BTW, is it programmers' custom to use "schema" as the plural of "scheme" (maybe like how sinologists distinguish "rime" and "rhyme")? In Greek, "schema" is the singular, and its plural is "schemata"... ~:-|

Rod Page said...

Why bother with TreeBASE? This is a good question, and I've made my feelings about TreeBASE clear elsewhere (TreeBASE rocks and TreeBASE talk at CIPRES.

Yes, to some extent TreeBASE is marginal, but the comparisons aren't terrible meaning. GenBANK is a massively funded database (US federal funds, with replication in Japan and Europe), and Nomenclator Zoologicus is essentially an OCR'ed list of names - a valuable resource, but nowhere near as complicated as TreeBASE.

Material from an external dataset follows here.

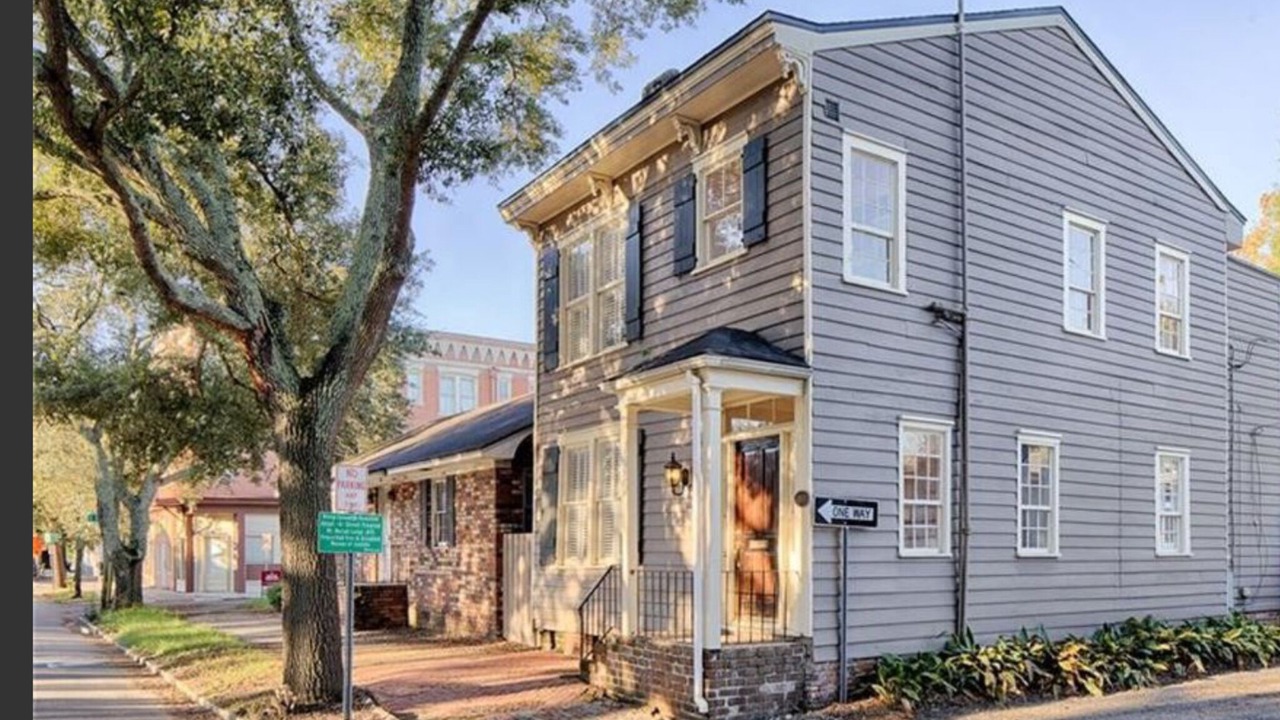 Photo of Others in Historic District - North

I want a dataabse of phylogenies that can be queried from mutliple perspectives (i.e., by taxon, author, publication, geographic locality, time slice, etc.). Much of my current research can be summarised as asking the question "what would it take to make this possible?" The fact that "most palaeontologists seem never to have heard of it" suggest two things: 1) palaeontologists aren't following phylogenetic database efforts, and 2) people interested in phylogenetic database efforts haven't succeeded in engaging palaeontologists -- neither situation is satisfactory. In the same way, it is striking that palaeontological names are largely missing from databases of taxonomic names (e.g., uBio, see also Connotea and TreeBASE. There seems to be a fundamental disconnect between neontologists and palaeontologists in this area.

Lastly, regarding "schema" and "schemata", it's too late in the day for me to offer much on this, expect to say that I think "schema" is indeed used in the singular -- it's a model or plan of a database.

David Marjanović said...

I see, thanks!

On the disconnect I can only offer the hypothesis that the neontologists don't know the palaeontologists exist... that was worse in the past (remember the times when some people said fossils shouldn't even be used in phylogenetic analyses because they introduce so many question marks to the data matrix?), but still.

David Marjanović said...

Sorry, not 738 characters, only 438 (and I hear many of those are correlated).